A good movie to follow up on the previously reviewed film is Invasion: UFO. This movie is actually a re-edit of some episodes of the British sci-fi television series, UFO, which ran from September 1970 to July 1971. The series was the work of Gerry and Sylvia Anderson. They were famous for their 60s sci-fi series using marionettes as actors such as Stingray and Thunderbirds. Invasion: UFO (IU) was a theatrical release. The story line drew from several UFO episodes. (more on that below). Network execs cancelled the show, feeling that earth-based sci-fi was no longer fashionable. Anderson would roll with the realities and rework his sci-fi series ideas into a space-bound version, Space:1999 in 1975.

Quick Plot Synopsis
A man and two women come across a flying saucer in the woods. The red-suited aliens machine gun down two of them and capture the surviving woman. Cut to Colonel Ed Straker and General Henderson in a Rolls Royce. The car is hit by laser fire from a UFO overhead. Henderson is hurt in the crash, so Straker is made commander of the super secret agency, S.H.A.D.O. (Supreme Headquarters Alien Defense Organization) Fast forward 10 years to 1980. SHADO has it's HQ under a movie studio, it has a base on the moon, its own satellites and lots of cool vehicles. The aliens send saucers to steal or sabotage a shipment of SHADO surveillance equipment. The saucer is shot down. The wounded alien is examined, but dies in earth's atmosphere. Straker concludes that the aliens are a "dying" race from a planet depleted of resources. They come to steal human organs for transplant in order to prolong their alien lives. Another UFO gets through SHADO's outer defenses and disappears somewhere in Canada. Straker's units eventually find the saucer and capture another alien. Straker tries to interrogate (or plead with) the alien, but he dies too. After a lull in UFO sightings, a cargo ship is attacked and sunk.
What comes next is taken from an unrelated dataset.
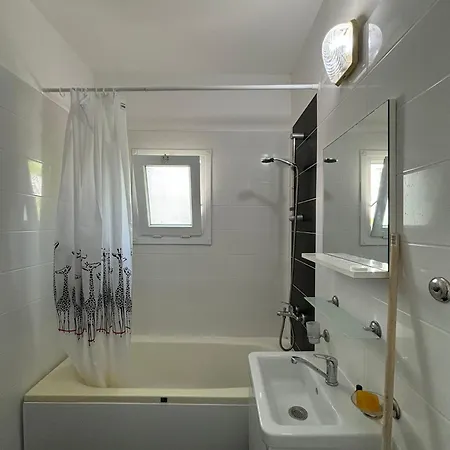 Aphrodite Beachresort Ghaziveran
Straker's teams discover that the aliens have an undersea base and use a volcano for power. Straker and Col. Foster examine the seabed dome to discover a duplicate of SHADO's command center. Alien copies of SHADO staff come and give commands to drop defenses. Straker and Foster escape and the dome is blown up. Apparently, the ruse failed. The aliens mount a mass attack with two waves of UFOs. In the climactic battle scene, the SHADO pilots' marksmanship is much improved. Earth is saved...for now. Straker has to give Peter the bad news that one of the aliens they captured (and later died) had the heart of his sister (the captured woman from the opening scene). At the funeral, Straker muses darkly over whether this battle was the end, or just a beginning. The End.

Why is this movie fun?
If one still has an inner eight-year-old boy, the ample supply of exotic models will be a treat. Since the IU is a compilation of several UFO episodes, there seems to be a new wonder-craft every 15 minutes or so. The model work and effects hold up well, even in our CGI world. It is also amusing to watch how many of these vehicles flying and driving around, have the name SHADO painted on them. Surprising visibility for such a super secret organization.

Cultural Connection
Even though the original television series aired in 1970 and 71, people in the mid-70s were just as obsessed (perhaps more so) with UFOs than they were in the early 70s. (see notes on previously reviewed film: UFO: Target Earth The re-release of Anderson's work in 1974 was very good timing.

Notes
Serial Tradition -- The practice of cobbling together episodes into a "feature film" is old. For instance, in 1939, Universal Studios released The Phantom Creeps, a serial (chapter play). Later that year, they assembled the episodes (cutting out the recaps) to release a feature film version. This practice would continue with Flash Gordon, Commando Cody, and Rocky Jones: Space Ranger, to name just a few. In IU, three of the episodes provided the meat of the footage. The early quarter of the film comes from UFO's first episode, "Indentified." The middle section came from the episode "Computer Affiar." The underwater alien base and climactic battle sections came from the episode, "Reflections in the Water," (which was actually UFO's last episode.) Snippets from other episodes were used to help with continuity, but the result can still seem choppy or full of non-sequiturs, due to the remix process.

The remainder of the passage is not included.